Kruununhaka (/fi/; Kronohagen, often nicknamed "Krunika", "Krunikka" or "Kruna") is a neighbourhood of Helsinki, the capital of Finland. As of 31 December 2024 there were about 7400 inhabitants in Kruununhaka and as of 31 December 2022 there were about 9100 jobs. Kruununhaka is bordered by the street Unioninkatu to the west and the Pohjoisesplanadi street on the Helsinki Market Square to the south, in other directions it is bordered by water.

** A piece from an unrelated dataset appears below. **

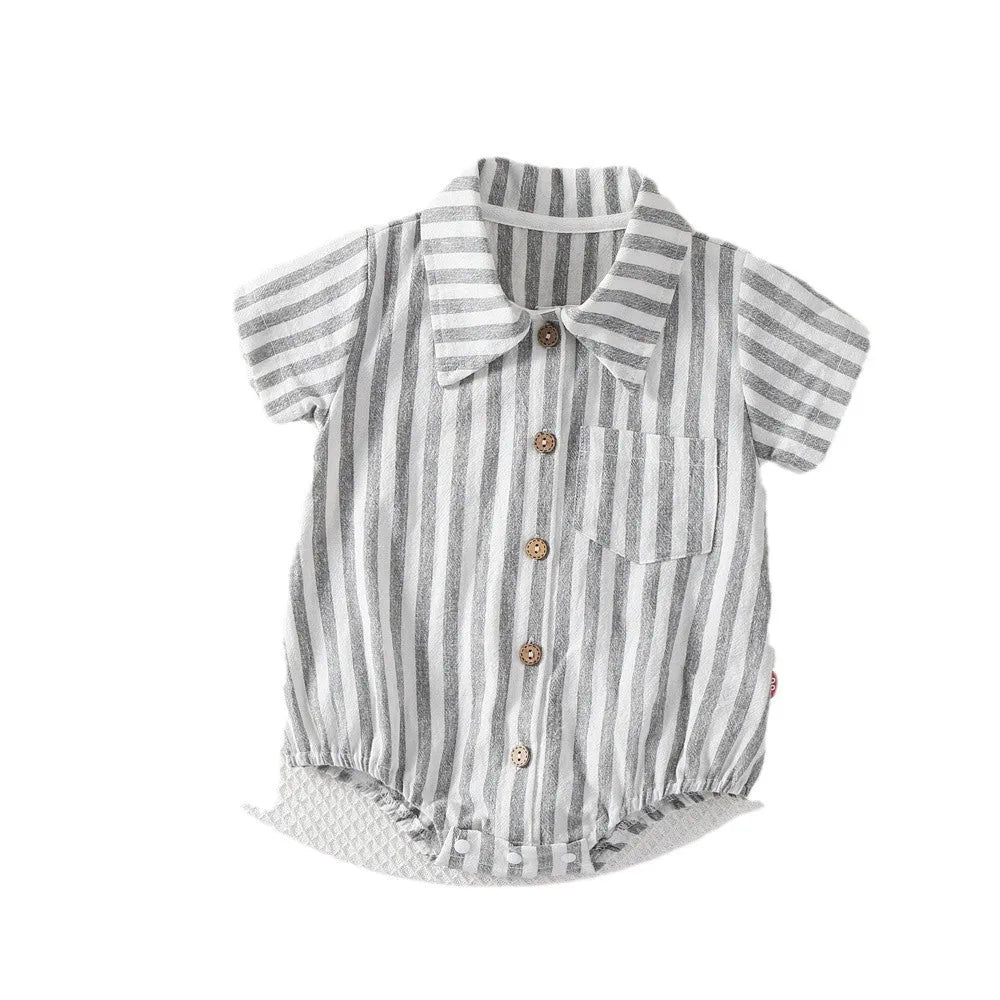 Baby thin cotton short sleeve romper in light gray for boys summer wear 66cm to 90cm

The name "Kruununhaka" (literally "pasture of the Crown") comes from a pasture for horses for the artillery of the Crown that used to be located near the current Rauhankatu street. Up to the early 18th century it used to be located slightly outside the city proper, but nowadays almost the entirety of the urban area of Helsinki at the time is said to be included in Kruununhaka.

Kruununhaka became the area next to the harbour and the center, when Helsinki was moved from the earlier location in the mid-1660s. From the very beginning, the residents included city and state officials.

Many buildings of the University of Helsinki are also situated in Kruununhaka. The area has become known for its vintage shops.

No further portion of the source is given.